* [WORK REQUEST]:
Copy without pictures. Please restate each line of the listing exactly.

* [DATA EXTRACT]:
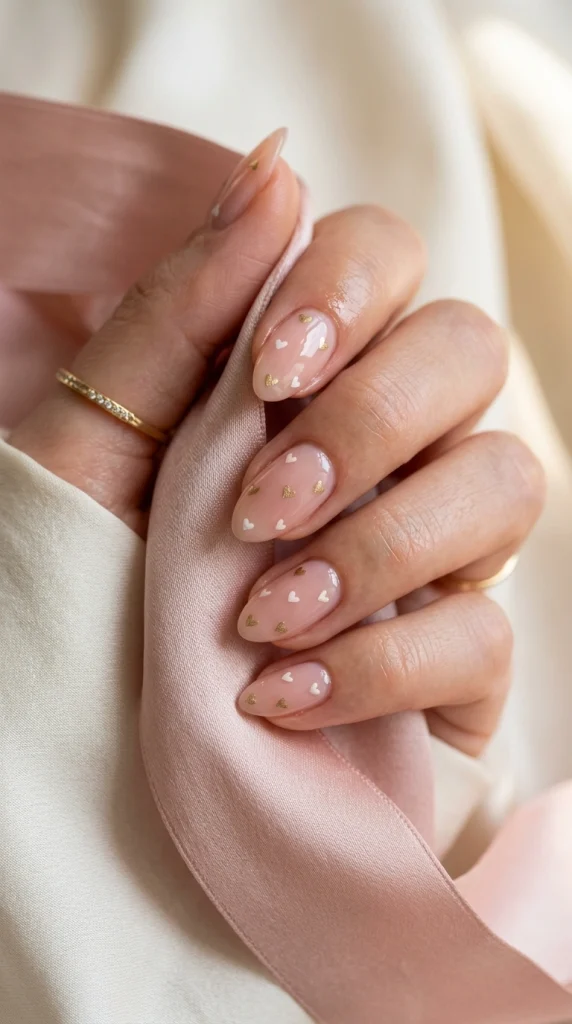 Close-up of sheer nude almond nails with tiny red and pink heart nail art.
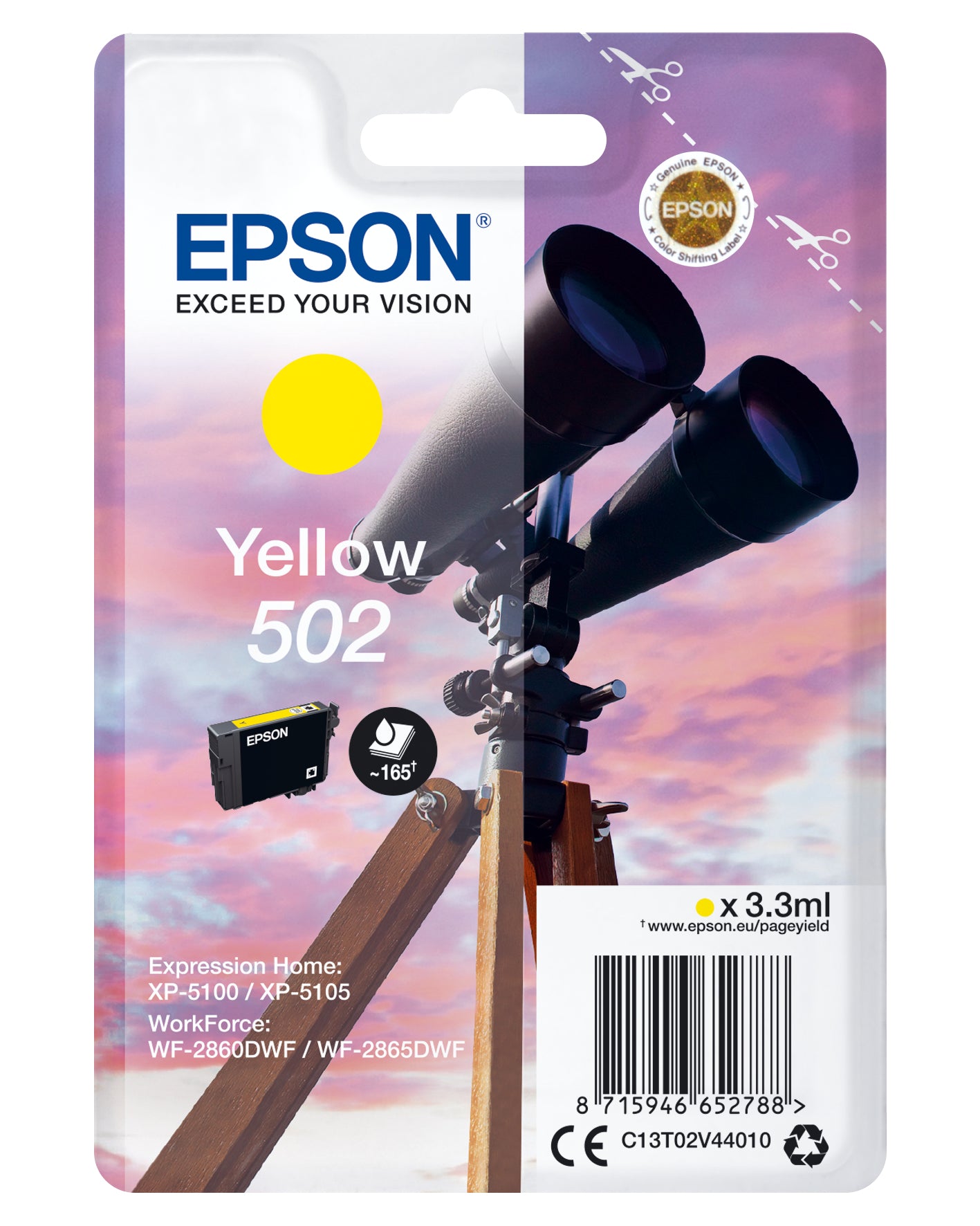 Epson 502 Gelbe Tintenpatrone (Original) – 165 Seiten – für Epson 502 – C13T02V44020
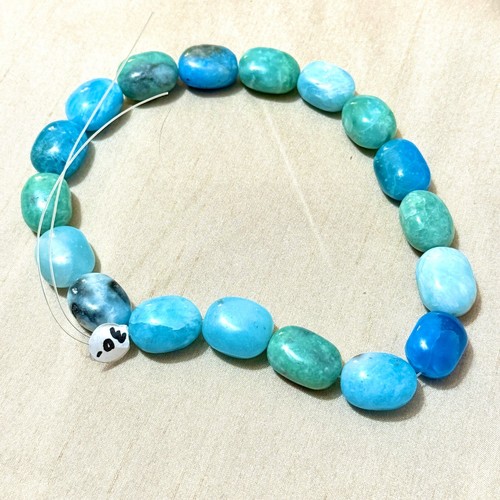 Blue & Green Gemstone Mixed Bead Lot, Dyed Crystal Round & Nugget - 3 Strands - Picture 2 of 13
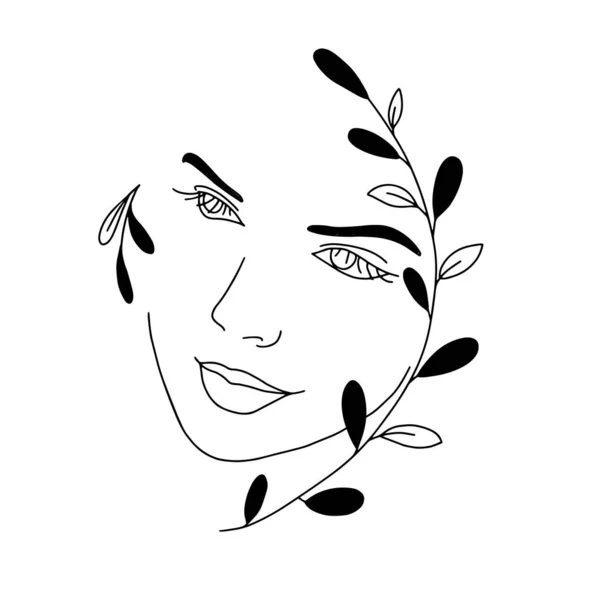 Abstract Female Face Art Line Drawing Woman Fashion Beauty Portrait — Stock Vector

* [RESPONSE AREA]:
 Close-up of sheer nude almond nails with tiny red and pink heart nail art.
 Epson 502 Gelbe Tintenpatrone (Original) – 165 Seiten – für Epson 502 – C13T02V44020
 Blue & Green Gemstone Mixed Bead Lot, Dyed Crystal Round & Nugget - 3 Strands - Picture 2 of 13
 Abstract Female Face Art Line Drawing Woman Fashion Beauty Portrait — Stock Vector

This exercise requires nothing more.